Bock-Marquette et al. (2023) reviewed thymosin beta-4's potential for anti-aging and regenerative applications, noting that the preclinical evidence supports multiple repair mechanisms but that the clinical translation remains in its earliest stages.[9]

Advanced delivery approaches

Xi et al. (2025) developed an injectable thymosin beta-4-modified hyaluronic acid hydrogel loaded with exosomes for stem cell therapy. This approach addresses two limitations of systemic TB-500 administration: the short half-life of the peptide and the need for sustained local delivery at the injury site. The hydrogel provided sustained release over days to weeks, maintaining therapeutic concentrations locally without requiring repeated injections.[10]

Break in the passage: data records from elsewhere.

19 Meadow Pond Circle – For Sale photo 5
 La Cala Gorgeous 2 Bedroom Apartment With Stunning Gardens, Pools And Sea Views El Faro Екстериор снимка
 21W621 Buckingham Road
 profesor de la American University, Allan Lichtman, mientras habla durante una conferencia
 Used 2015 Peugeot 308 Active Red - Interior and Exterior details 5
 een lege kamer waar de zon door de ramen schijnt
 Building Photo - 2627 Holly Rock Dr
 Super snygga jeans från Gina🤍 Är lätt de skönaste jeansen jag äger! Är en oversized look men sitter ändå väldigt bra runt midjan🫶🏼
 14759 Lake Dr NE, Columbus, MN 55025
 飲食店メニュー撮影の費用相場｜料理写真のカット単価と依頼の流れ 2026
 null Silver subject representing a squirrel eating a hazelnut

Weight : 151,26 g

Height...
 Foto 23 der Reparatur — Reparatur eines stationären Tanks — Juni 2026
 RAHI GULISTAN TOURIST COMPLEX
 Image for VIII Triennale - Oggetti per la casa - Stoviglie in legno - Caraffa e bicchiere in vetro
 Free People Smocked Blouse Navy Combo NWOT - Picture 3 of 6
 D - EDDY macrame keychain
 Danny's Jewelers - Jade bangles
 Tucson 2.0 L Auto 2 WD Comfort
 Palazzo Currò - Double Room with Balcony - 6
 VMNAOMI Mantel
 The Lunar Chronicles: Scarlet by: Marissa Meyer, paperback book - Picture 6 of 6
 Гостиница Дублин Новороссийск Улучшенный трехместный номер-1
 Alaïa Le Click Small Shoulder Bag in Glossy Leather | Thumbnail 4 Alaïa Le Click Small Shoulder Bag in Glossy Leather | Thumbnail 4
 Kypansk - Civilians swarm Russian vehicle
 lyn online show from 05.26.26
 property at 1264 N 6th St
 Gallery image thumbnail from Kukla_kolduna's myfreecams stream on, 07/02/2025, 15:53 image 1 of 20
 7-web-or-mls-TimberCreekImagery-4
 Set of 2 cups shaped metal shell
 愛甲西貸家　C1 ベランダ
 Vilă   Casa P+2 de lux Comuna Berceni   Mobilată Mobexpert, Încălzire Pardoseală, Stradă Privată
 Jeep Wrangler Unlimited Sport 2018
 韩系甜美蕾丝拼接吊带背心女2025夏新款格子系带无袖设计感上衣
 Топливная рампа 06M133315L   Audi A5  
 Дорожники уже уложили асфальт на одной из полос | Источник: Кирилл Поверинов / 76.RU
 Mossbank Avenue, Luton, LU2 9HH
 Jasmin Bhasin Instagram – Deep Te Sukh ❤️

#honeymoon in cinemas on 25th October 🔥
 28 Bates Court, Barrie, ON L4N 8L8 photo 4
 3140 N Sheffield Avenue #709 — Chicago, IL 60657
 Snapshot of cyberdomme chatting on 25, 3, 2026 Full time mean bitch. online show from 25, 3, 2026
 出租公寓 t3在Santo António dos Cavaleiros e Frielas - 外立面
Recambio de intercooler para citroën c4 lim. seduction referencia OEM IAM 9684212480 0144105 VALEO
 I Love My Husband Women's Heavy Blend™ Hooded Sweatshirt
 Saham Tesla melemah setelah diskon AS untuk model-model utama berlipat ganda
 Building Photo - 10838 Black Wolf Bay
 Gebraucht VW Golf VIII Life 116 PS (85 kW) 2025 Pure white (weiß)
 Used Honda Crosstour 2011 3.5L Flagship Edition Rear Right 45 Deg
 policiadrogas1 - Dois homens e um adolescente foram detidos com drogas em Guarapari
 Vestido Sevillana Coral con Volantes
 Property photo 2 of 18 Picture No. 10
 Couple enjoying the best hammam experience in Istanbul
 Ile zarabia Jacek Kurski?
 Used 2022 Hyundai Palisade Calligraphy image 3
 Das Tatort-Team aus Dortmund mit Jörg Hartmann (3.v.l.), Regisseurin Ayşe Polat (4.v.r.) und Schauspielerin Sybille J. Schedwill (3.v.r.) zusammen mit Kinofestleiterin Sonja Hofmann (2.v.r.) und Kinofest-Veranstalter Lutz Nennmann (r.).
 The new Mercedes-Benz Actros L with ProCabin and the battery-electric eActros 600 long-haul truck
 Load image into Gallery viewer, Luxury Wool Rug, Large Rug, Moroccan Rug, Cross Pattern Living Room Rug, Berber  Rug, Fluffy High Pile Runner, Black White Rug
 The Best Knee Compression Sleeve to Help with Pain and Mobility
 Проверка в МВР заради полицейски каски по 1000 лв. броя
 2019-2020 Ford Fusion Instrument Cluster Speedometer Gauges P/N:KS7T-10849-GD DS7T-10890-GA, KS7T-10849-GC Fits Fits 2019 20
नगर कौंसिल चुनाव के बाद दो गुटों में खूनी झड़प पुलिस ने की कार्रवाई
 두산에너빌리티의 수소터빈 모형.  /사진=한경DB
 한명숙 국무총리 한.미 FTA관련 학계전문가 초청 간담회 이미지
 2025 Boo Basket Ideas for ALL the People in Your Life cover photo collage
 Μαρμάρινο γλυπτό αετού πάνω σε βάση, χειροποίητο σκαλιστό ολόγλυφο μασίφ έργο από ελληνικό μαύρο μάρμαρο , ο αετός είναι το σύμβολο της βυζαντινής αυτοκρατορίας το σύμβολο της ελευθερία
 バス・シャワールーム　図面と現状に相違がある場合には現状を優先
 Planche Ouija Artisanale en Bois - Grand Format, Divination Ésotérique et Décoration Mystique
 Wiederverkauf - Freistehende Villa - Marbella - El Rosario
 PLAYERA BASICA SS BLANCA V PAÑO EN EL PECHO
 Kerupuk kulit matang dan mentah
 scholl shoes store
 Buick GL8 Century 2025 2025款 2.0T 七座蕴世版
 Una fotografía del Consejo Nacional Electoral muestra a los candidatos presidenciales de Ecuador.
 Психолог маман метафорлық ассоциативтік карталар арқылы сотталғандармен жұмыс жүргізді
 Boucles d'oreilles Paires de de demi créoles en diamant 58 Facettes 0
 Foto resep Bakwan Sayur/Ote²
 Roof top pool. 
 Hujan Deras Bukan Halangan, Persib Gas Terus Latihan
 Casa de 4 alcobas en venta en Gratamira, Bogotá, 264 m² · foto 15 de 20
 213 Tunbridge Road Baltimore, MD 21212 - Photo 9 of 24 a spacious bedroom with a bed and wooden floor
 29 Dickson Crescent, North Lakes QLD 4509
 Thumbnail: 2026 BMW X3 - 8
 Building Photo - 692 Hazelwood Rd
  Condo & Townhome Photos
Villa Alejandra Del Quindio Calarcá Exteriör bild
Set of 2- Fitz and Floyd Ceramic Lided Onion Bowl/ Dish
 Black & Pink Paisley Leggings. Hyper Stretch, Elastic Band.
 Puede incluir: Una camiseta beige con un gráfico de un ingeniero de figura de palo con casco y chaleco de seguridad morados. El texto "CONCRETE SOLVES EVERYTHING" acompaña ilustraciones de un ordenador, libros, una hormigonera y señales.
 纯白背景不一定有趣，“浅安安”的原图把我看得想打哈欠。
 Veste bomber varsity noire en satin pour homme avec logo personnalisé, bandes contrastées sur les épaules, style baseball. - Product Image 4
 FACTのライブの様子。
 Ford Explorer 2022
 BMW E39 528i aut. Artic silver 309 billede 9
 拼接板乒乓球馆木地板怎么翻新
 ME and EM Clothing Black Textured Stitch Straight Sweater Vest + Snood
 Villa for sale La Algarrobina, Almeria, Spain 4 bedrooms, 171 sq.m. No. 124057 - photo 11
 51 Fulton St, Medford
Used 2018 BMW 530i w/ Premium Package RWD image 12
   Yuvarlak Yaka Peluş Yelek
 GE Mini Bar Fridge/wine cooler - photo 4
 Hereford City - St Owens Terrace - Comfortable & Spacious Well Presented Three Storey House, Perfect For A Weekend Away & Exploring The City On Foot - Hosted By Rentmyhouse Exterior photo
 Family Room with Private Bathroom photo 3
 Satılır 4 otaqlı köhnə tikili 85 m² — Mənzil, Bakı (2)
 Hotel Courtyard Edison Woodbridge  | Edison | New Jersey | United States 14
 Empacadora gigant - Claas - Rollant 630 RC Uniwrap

Tan et al. (2021) demonstrated that thymosin beta-4 increases cardiac cell proliferation and the reparative capacity of transplanted stem cells when used as a pre-treatment before cell transplantation. This "priming" approach, where thymosin beta-4 enhances the regenerative capacity of transplanted cells rather than acting as a standalone treatment, represents an alternative therapeutic strategy.[11]

Bjorklund et al. (2020) reviewed thymosin beta-4 as a multi-faceted tissue repair protein in heart injury, cataloguing the delivery approaches (systemic injection, local injection, hydrogel encapsulation, gene therapy) that have been tested preclinically and discussing the advantages and limitations of each.[12]

Regulatory and practical context

TB-500 is not FDA-approved for any indication. It is banned by WADA (World Anti-Doping Agency) under the S2 category (peptide hormones, growth factors, and related substances). Its use in competitive sports can result in sanctions.

The distinction between pharmaceutical-grade recombinant thymosin beta-4 (used in the Wang et al. phase 1 trial) and compounded TB-500 (available from peptide suppliers) is relevant. Compounded TB-500 varies in purity, peptide content, and sterility depending on the source. The phase 1 safety data applies to the specific recombinant product tested, not to all TB-500 formulations.

For how TB-500 compares to the other widely used repair peptide, see TB-500 vs BPC-157: How Two Healing Peptides Compare. For BPC-157's own evidence base, see BPC-157: The Body Protection Compound and What the Research Shows.

The Bottom Line

Thymosin beta-4 promotes muscle repair through actin sequestration, satellite cell mobilization, anti-inflammatory signaling, and anti-fibrotic effects, a combination of mechanisms demonstrated consistently in rodent models of skeletal and cardiac muscle injury. A 2021 first-in-human phase 1 trial established safety but not efficacy. No phase 2 muscle repair trials have been published. The animal model evidence is robust, the mechanistic understanding is detailed, and the human evidence gap is real. TB-500 is used off-label based on extrapolation from preclinical data, which is a fundamentally different evidence standard than the randomized controlled trials that support approved therapeutics.